Barshefsky, who is now a senior international partner at the US law firm WilmerHale, said it was unclear what measures the Trump administration might take against Beijing but she did not expect the White House to cave in to Chinese pressure.
“Then the question is: ‘What is the next move?’ And, ‘How much more heated does this get?’ And, ‘Does it engender a downward spiral?’”
“We will have to see how this plays out. But there will be a lot of very heated and aggressive rhetoric on both sides, there is no question about it ... [And] China will likely not just talk the talk but they will begin to walk the walk, and before too long US companies will start complaining about being even further ill-treated in China. Not blocked; not retaliated against in any large sense. But the environment will become more and more difficult. And China will do that as a way of pressuring the US to back off.”
The warning comes after the US secretary of state, Rex Tillerson, said relations between the US and China – re-established by Chairman Mao and Richard Nixon in 1972 – had reached “a pivot point” after more than four decades of “no conflict”.
On Sunday, the Chinese foreign minister, Wang Yi, struck a similar note, telling reporters the most important task facing Chinese diplomats now was to be “well prepared” for Trump’s upcoming visit to China. That trip would help “to map out the relations of the next 50 years”, Wang said, according to the official Xinhua news agency.

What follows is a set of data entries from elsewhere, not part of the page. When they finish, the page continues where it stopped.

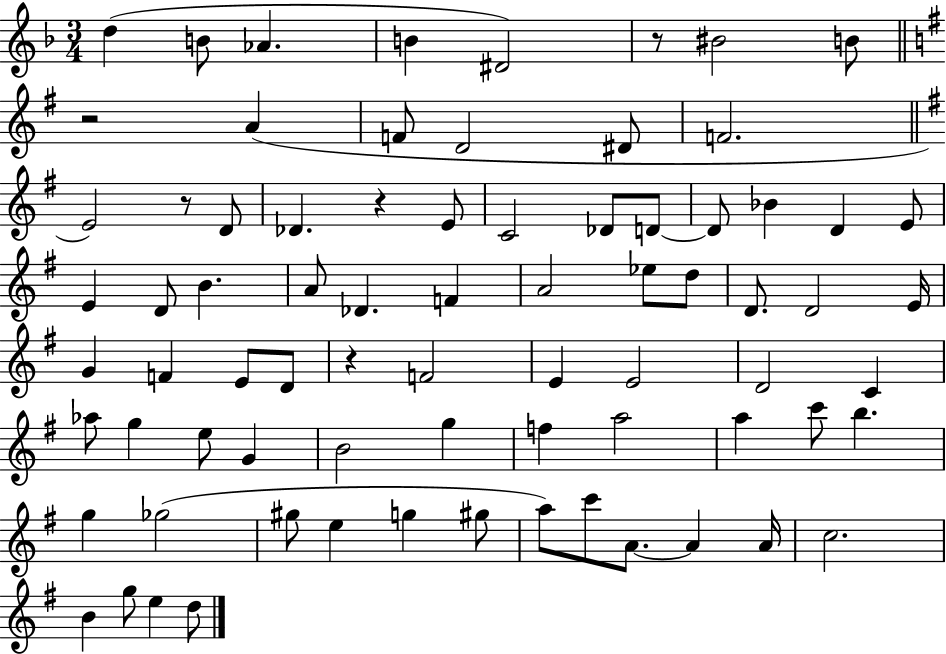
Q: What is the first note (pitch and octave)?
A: D5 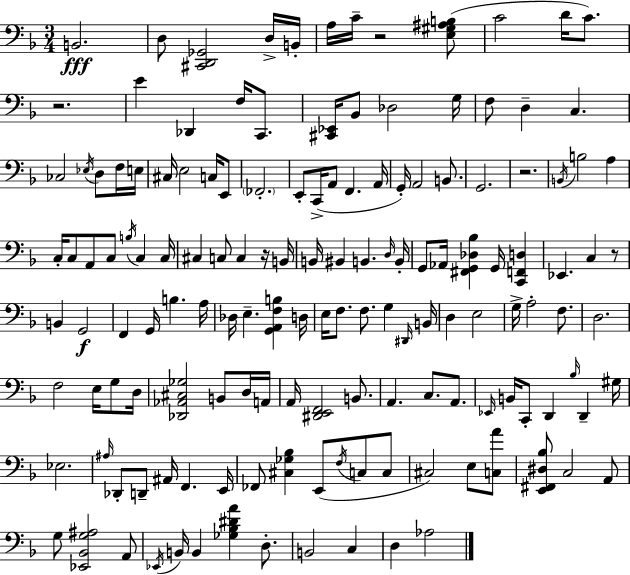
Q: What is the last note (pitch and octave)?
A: Ab3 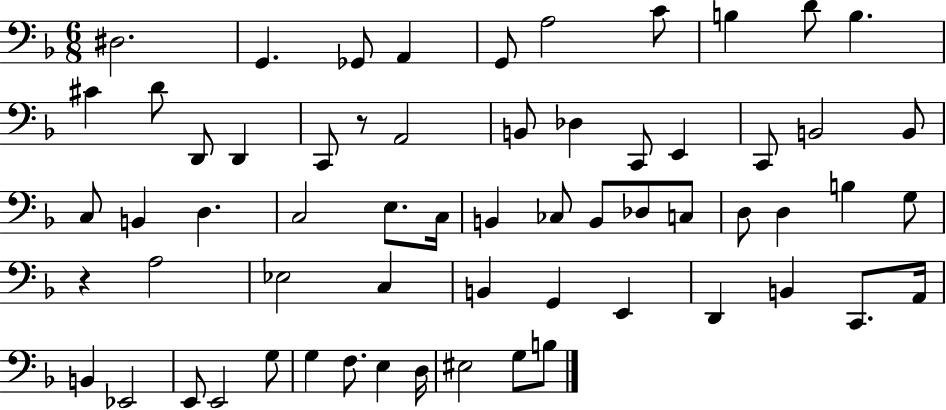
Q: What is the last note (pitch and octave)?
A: B3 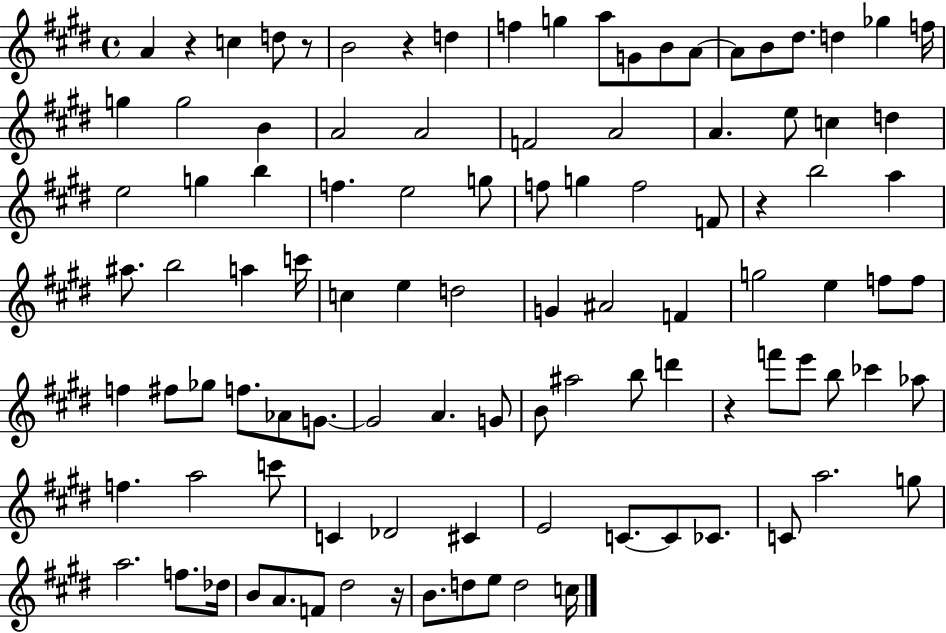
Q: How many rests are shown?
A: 6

Barshefsky said there was now widespread consensus in the US that Beijing’s “explicitly discriminatory” policies towards foreign firms had to be tackled.
China had spent the past decade attempting to cordon off large swaths of the Chinese economy for its own companies as part of an “indigenising” campaign that had intensified since Xi Jinping became the country’s top leader, in 2012.
As part of that push Barshefsky claimed China was “flouting international rules” by doubling down on intellectual property theft and the forced transfer of foreign technology while also pumping “massive subsidies” into Chinese industries to artificially increase homegrown competitiveness.
“Foreign companies – both US and European – feel far less welcome [in China]. The business environment is far more difficult and discriminatory; the state sector is becoming an increasing competitive problem and threat … So this isn’t simply Trump administration perception – this is a widely shared view.”
Despite the worsening situation, Barshefsky said the Obama administration had “in many instances substituted dialogue – endless dialogue – for action”.
It remains unclear when, how or even if Trump will challenge Beijing but reports suggest he could instruct his trade representative to launch a so-called “section 301” case. That would allow the US to unilaterally impose tariffs or other trade restrictions aimed at protecting US industries.
Barshefsky predicted China would hit back by accusing the US of protectionism and claiming it was “the last man standing for an open global trading system”.
Retaliation was also possible: “This has serious repercussions: we are talking about two giants.”